_How to complete this task_. Using the listing below, retype exactly the lines starting at the one with "Good American Good '90s Suiting‎ Pleated" and ending at the one with "Wide Leg Pants Gray women’s size 4 NWT", and include both.

(Beginning of Recorded information)

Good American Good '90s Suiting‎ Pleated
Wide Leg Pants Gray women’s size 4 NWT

(End of Recorded information)
(Beginning of Recorded information)

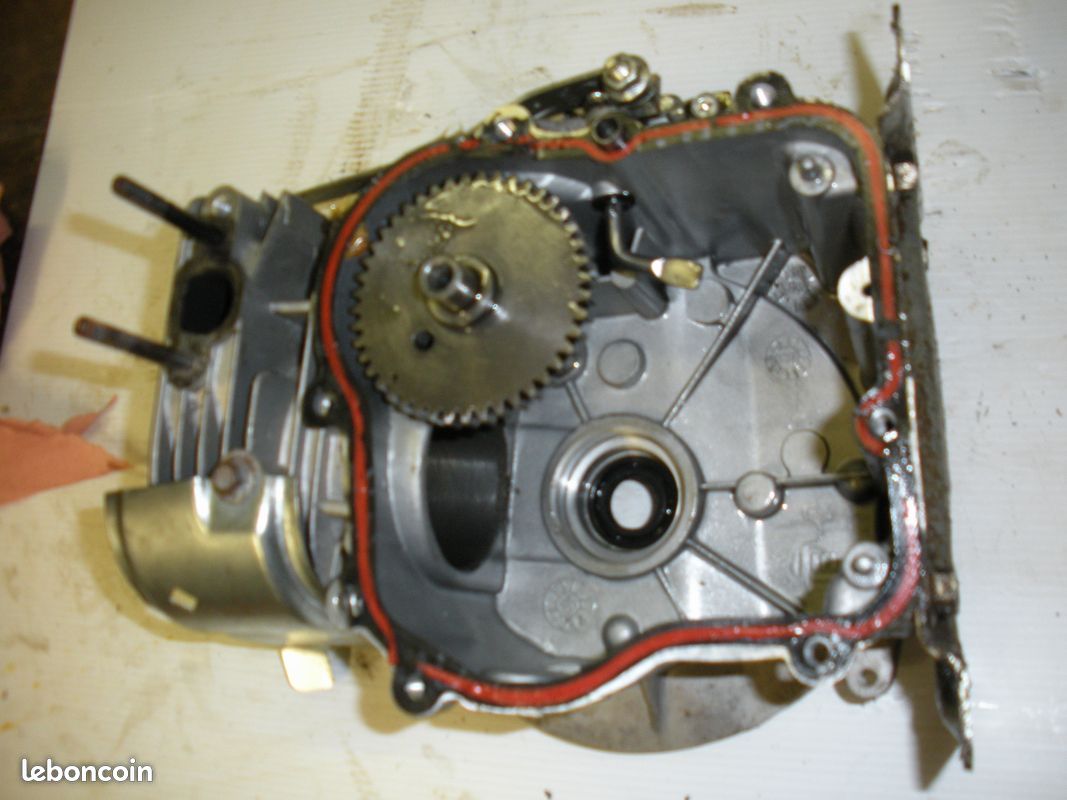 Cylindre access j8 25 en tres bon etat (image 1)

(End of Recorded information)

_Result of the task_.
Good American Good '90s Suiting‎ Pleated
Wide Leg Pants Gray women’s size 4 NWT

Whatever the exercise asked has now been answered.